Nous voudrions conclure cet essai en affirmant la proximité de la psychanalyse avec la révolution, mais nous comprenons que, comme au temps d'Hélio Pellegrino, cette relation ne peut s'affirmer que comme un pari, comme un désir, à l'horizon, d'une une société préservée dans la mesure où elle préserve et respecte le travailleur.

*Fernanda Canavêz, psychanalyste, est professeur à l'Institut de Psychologie de l'UFRJ.

*Fernanda Pacheco-Ferreira, psychanalyste, est professeur à l'Institut de Psychologie de l'UFRJ.

notes


[1] Pellegrino, H. Psychanalyse et institution.
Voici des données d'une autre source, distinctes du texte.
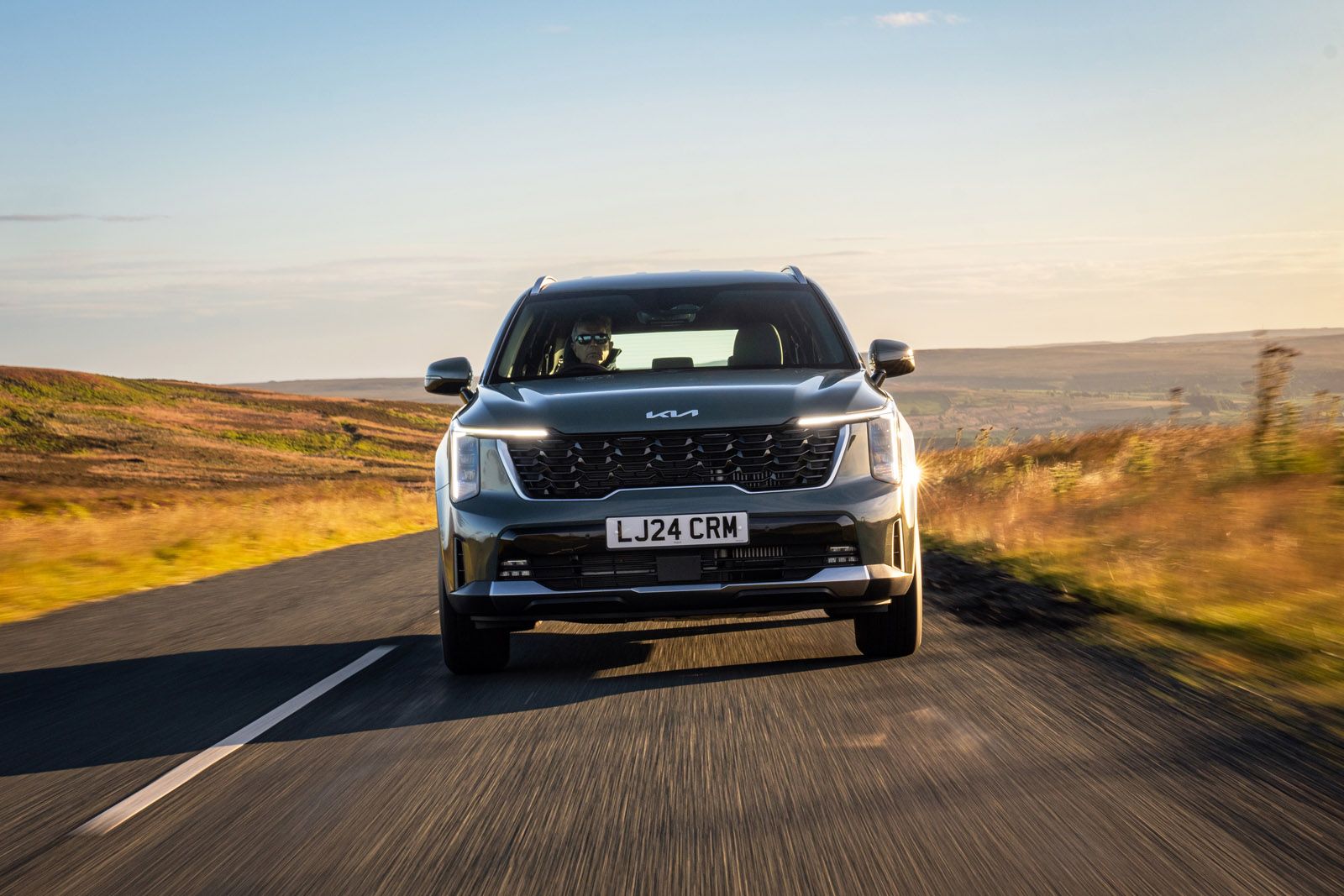 Kia Sorento driving on a country road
Dans Archives Hélio Pellegrino, Archives-Musée de la littérature brésilienne, Fondation Casa de Rui Barbosa, 20 septembre 1981.

[2] Pellegrino, H. Lula et le fétichisme électoral. Dans Folha de Sao Paulo, 15 janvier 1986.

[3] Freud, S. Lignes de progrès en thérapie psychanalytique. Dans S. Freud. Édition standard brésilienne des Œuvres complètes de Sigmund Freud, vol. XVII, 1969. (Original publié en 1918).

[4] Pellegrino, H. Pacte œdipien, pacte social : de la grammaire du désir à l'impudeur brésilienne. Dans H. Pellegrino. Psychanalyse. Rio de Janeiro : Funarte, 2017.

[5] Guimarães, D. Mutualité le partage de l'inconscient. Dans Autres mots, 2022. Disponible sur https://outraspalavras.net/pos-capitalismo/a-partilha-do-inconsciente/.

[6] Debieux Rosa, M. Souffrance sociopolitique, silence et clinique psychanalytique. Dans Psychologie, sciences et profession, nf. 42, 2022.

[7] Ici, un ajout important s'impose : nous parlons d'une idée qui a prospéré avant même la création du Système de Santé Unifié (SUS), l'un des piliers de la démocratie brésilienne qui cherche à offrir un accès complet, universel et gratuit. aux services de santé. Dès lors, lorsqu’il s’agit de réfléchir à l’offre de soins psychanalytiques dans ces conditions, on comprend qu’il est important de considérer les relations avec l’État et le renforcement des dispositifs publics de santé.

[8] Il s’agit de la recherche intitulée Un geste de Rio : la Clinique de Psychanalyse Sociale Anna Kattrin Kemper, dans lequel nous cherchons à retrouver l'histoire de l'initiative également à travers des entretiens avec des professionnels qui ont collaboré au projet Clinique.